In a related development, on May 12, 2025, a joint statement from the China-U.S. Geneva Economic and Trade Talks was released, announcing the cancellation of 91% of tariffs. This marks the first substantial concession from both sides since the escalation of the trade war in April 2025. The previous high tariffs had severely hindered normal trade relations and disrupted international economic order. This joint statement signifies a crucial step towards resolving differences through equal dialogue, laying the groundwork for further cooperation. Reports indicate that in 2024, 57% of China’s energy storage battery exports were directed to the U.S., indicating a continued dependency on the Chinese supply chain in the short term. For the energy storage industry, this could herald a temporary boost, as exports from Chinese storage companies to the U.S. may see a short-term increase. While some U.S. stationary storage developers are eager to complete projects by 2025 to avoid an impending 17.5% increase in tariffs, many ongoing projects are in a holding pattern due to these uncertainties. Additionally, the U.S. lacks large-scale production capabilities for lithium iron phosphate, relying on China for 70% of its lithium battery imports. In 2024, exports of energy storage batteries from China to the U.S. will account for 24% of China’s total lithium battery exports, approximately $3.6 billion, with major purchasers including Tesla, Google, and Amazon. In the short term, the cessation of tariffs offers Chinese storage companies a more level playing field and preparation time for global market expansion.
With burgeoning overseas demand, many storage enterprises are now turning their focus to international markets to seek higher profit margins. Companies are showcasing their technological advantages in their global strategies. For example, Yiwei Lithium Energy has established a factory in Malaysia, while Sunwoda has invested in Thailand to circumvent tariff barriers. Sungrow is providing energy storage systems for photovoltaic projects in Japan, adopting a model of “Chinese technology + local manufacturing.” CATL has launched a 9MWh super-large capacity system, weighing only 36 tons per cabinet, compatible with global transport standards, and has maintained its position as the leading supplier in North America by partnering with Tesla. BYD has achieved over 25% market share in Europe’s home storage market, while Envision Energy has secured a £240 million contract in the UK, entering the grid-side frequency modulation sector. The energy storage industry is entering a new phase of multipolar competition, where companies must find the optimal balance between cost control and technological upgrades to secure their place in future contests.

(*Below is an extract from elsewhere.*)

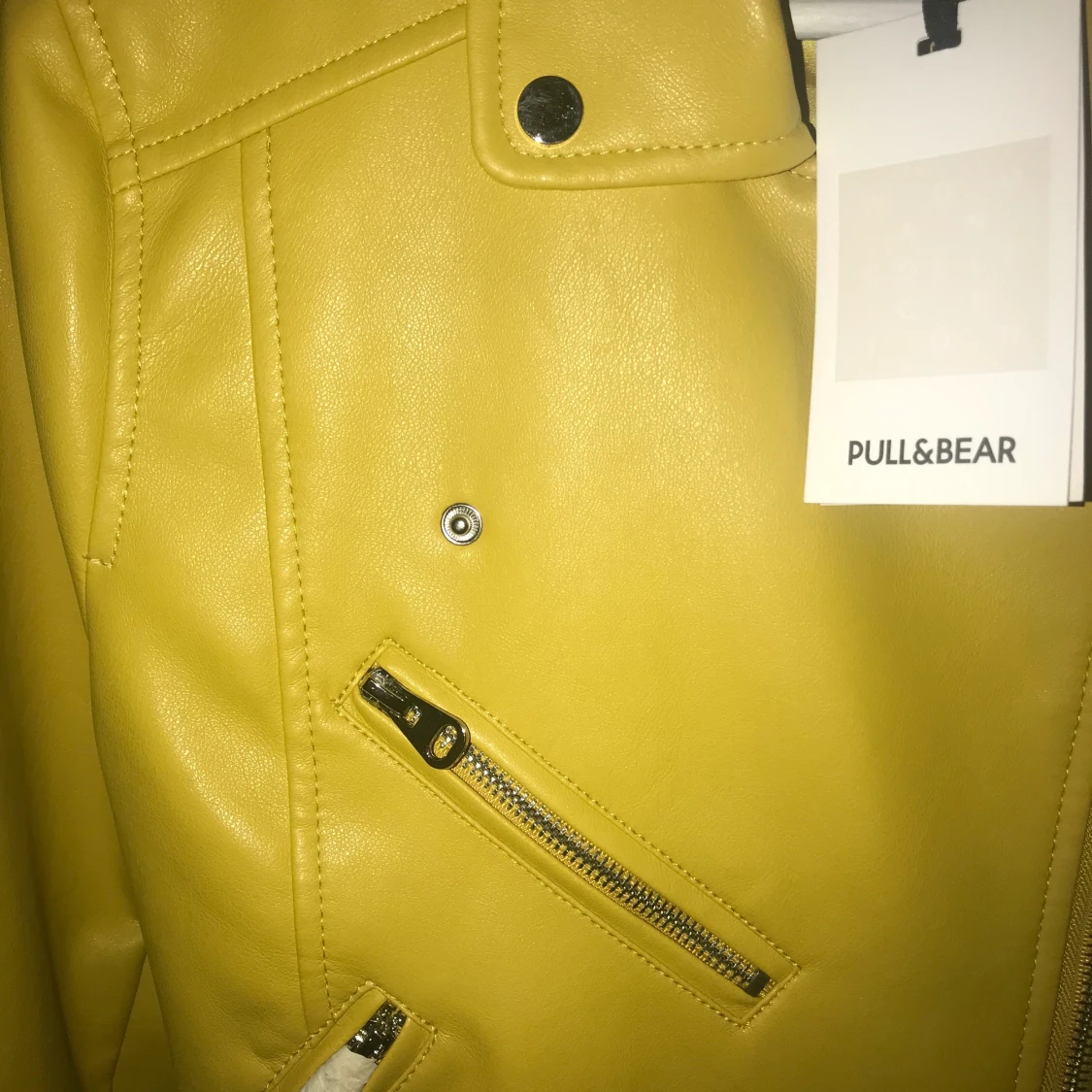PULL& BEAR JACKA - 91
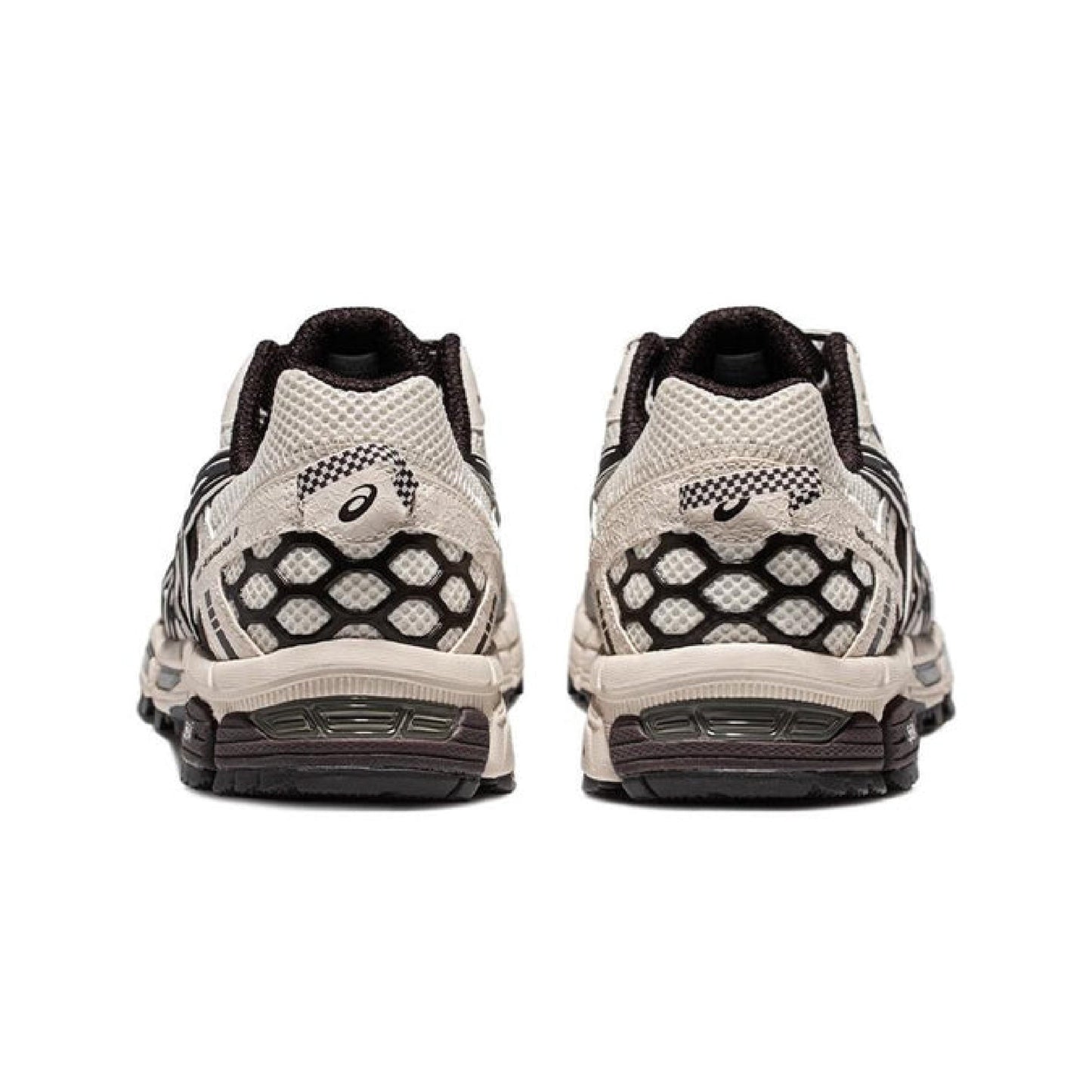 ASICS GEL-NYC Cream Cream MESH Running Shoes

As the domestic market evolves with stricter standards and faces uncertain competition, the energy storage sector is transforming from a “greenhouse flower” reliant on subsidies into a “towering tree” capable of weathering storms. While short-term inventory pressures and price fluctuations are unavoidable, reforms in the electricity market, breakthroughs in grid technology, and deepened global expansion will continuously drive sustainable development in the industry. The competition in energy storage is not a sprint but a long march. Future competition will clearly shift from price dumping to a comprehensive contest of technological barriers, ecological collaboration, and global operations.